8:28. O estudo dos Vedas, a realização de sacrifícios, de façanhas ascéticas e de boas obras dão os seus frutos. Mas os yogis que possuem o conhecimento verdadeiro elevam-se por cima de tudo isto e alcançam a Morada Suprema!”
Quem pode ser chamado sábio? Aquele que tem o conhecimento sobre o mais importante – sobre Deus, sobre o ser humano e sobre o Caminho do ser humano até Deus. Isto é a base, o fundamento da Sabedoria, mas não é ainda a Sabedoria. É apenas a posse de conhecimento, erudição. Sabedoria implica ainda a capacidade de pôr o conhecimento obtido em prática, a capacidade de criar intelectualmente.

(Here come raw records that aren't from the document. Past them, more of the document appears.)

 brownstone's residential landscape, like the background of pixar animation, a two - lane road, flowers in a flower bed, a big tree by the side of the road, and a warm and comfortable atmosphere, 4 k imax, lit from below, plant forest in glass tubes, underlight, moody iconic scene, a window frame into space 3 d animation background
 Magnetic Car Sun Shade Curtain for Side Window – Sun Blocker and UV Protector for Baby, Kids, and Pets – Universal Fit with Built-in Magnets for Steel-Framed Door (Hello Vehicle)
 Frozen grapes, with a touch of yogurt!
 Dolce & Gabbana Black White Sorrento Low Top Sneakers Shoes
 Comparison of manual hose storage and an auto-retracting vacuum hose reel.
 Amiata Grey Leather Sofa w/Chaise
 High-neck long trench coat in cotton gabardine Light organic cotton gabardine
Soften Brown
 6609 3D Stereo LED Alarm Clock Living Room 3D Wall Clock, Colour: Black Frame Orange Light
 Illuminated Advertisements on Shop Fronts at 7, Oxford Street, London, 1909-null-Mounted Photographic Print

Como desenvolver esta qualidade em nós? O primeiro e mais fácil método é a educação nos estabelecimentos educativos tradicionais (escolas, universidades, etc.), o que treina e desenvolve a actividade mental. Para além disto, o indivíduo pode adquirir habilidades e profissões adicionais (e quanto mais obtiver, melhor), comunicar com pessoas diferentes e com Deus, e fazer muitas outras coisas. Também é importante dominar completamente as funções de grihastha (dono de casa). A Sabedoria forma-se através do serviço e cuidado pelos outros – primeiro dentro da própria família e depois na “família” dos próprios discípulos espirituais.
O Criador não deixa entrar n´Ele pessoas tolas, não precisa delas.